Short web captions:
☆ ☆ ☆
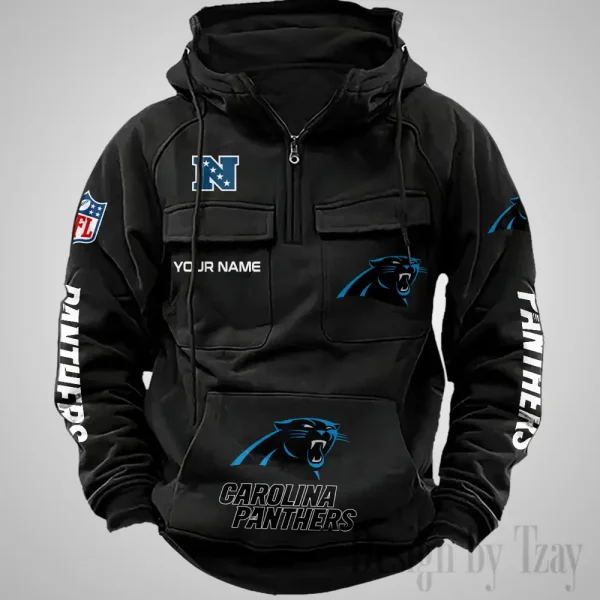 Carolina Panthers Fashionable Outerwear Men's Autumn Winter Hooded Sweatshirt Cool Motorcycle Shirt AZVMHD1026 - Image 5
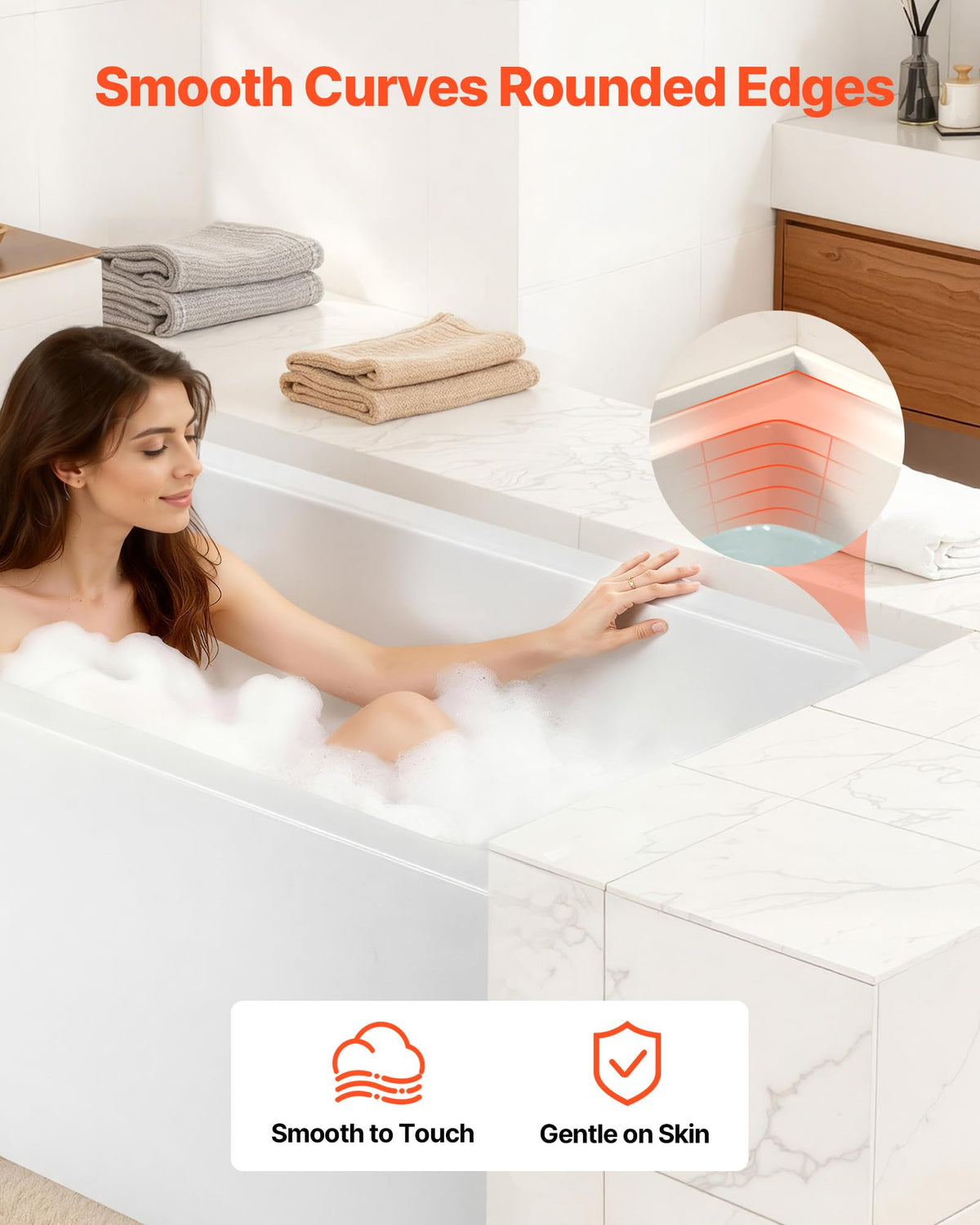 VEVOR Alcove Bathtub, 48" x 30" Contemporary Alcove Acrylic Bathtub, Soaking Bath Tub with Left Hand Drain and Overflow Hole, Large Rectangular Deep Soak Tub for Bathroom with Integral Flange, White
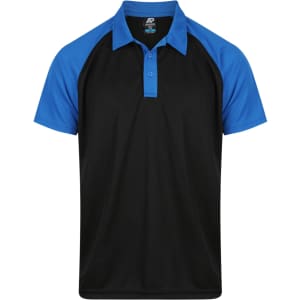 A black and blue polo shirt with short sleeves and a collar, featuring a logo on the left side.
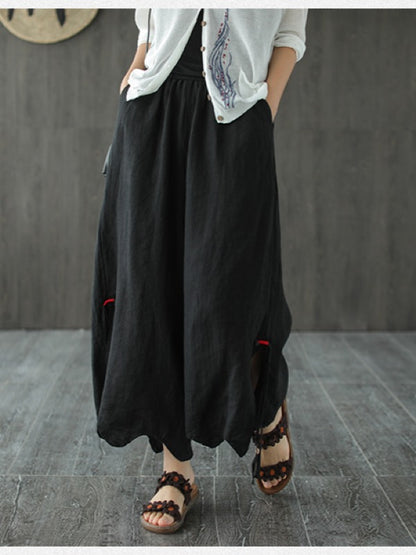 LOOSE WIDE-LEG CROPPED LINEN PANTS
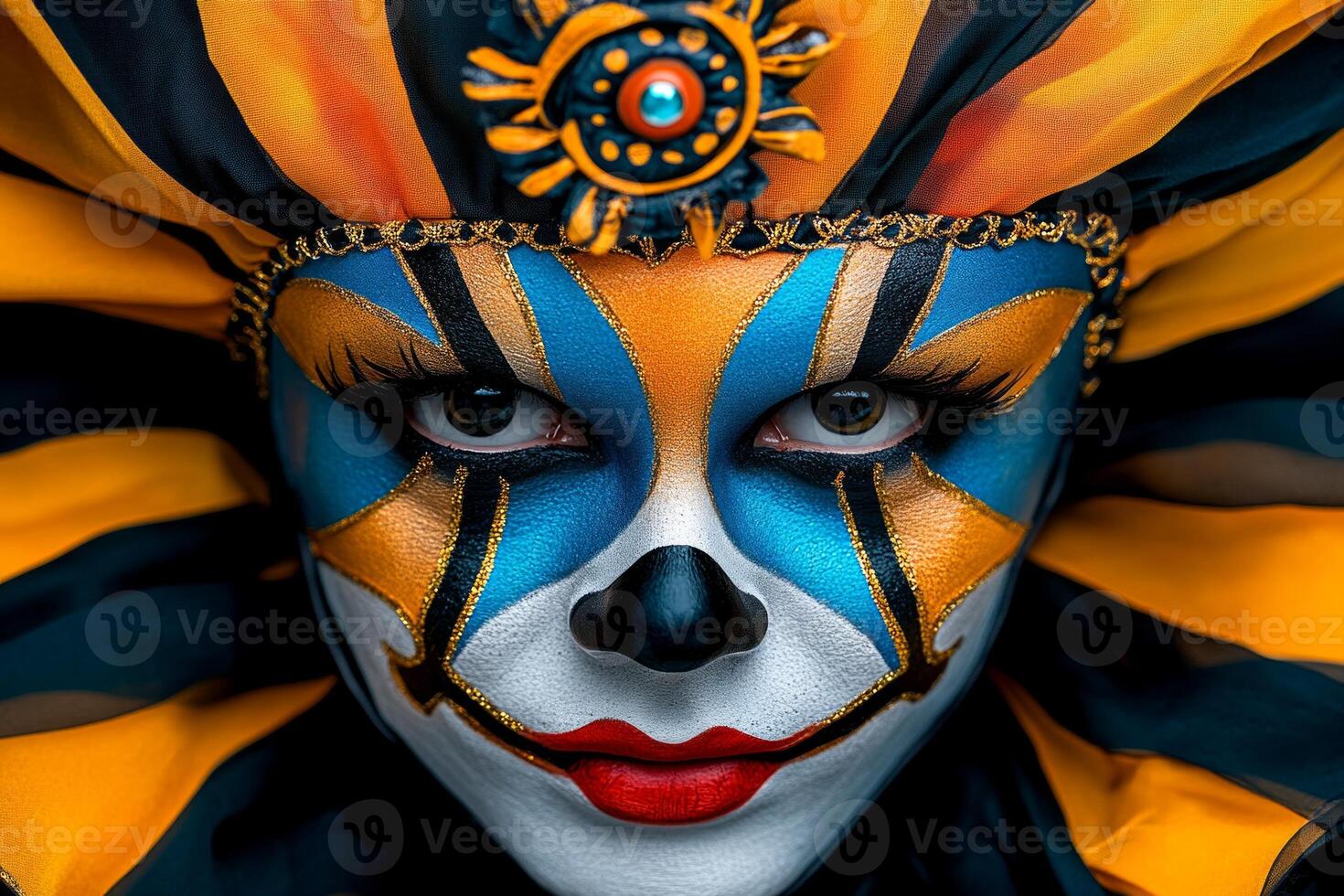 Dramatic clown mask with vivid colors and unsettling expression against a dark carnival backdrop photo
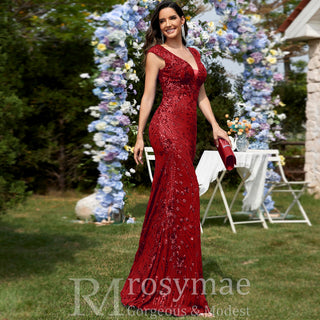 Temperament Slim Formal Evening Dress Mermaid Sequins Prom Dresses - Rosymae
☆ ☆ ☆
→ The problem:
Print all of the records shown above exactly, leaving out each picture.

→ Problem solution:
 Carolina Panthers Fashionable Outerwear Men's Autumn Winter Hooded Sweatshirt Cool Motorcycle Shirt AZVMHD1026 - Image 5
 VEVOR Alcove Bathtub, 48" x 30" Contemporary Alcove Acrylic Bathtub, Soaking Bath Tub with Left Hand Drain and Overflow Hole, Large Rectangular Deep Soak Tub for Bathroom with Integral Flange, White
 A black and blue polo shirt with short sleeves and a collar, featuring a logo on the left side.
 LOOSE WIDE-LEG CROPPED LINEN PANTS
 Dramatic clown mask with vivid colors and unsettling expression against a dark carnival backdrop photo
 Temperament Slim Formal Evening Dress Mermaid Sequins Prom Dresses - Rosymae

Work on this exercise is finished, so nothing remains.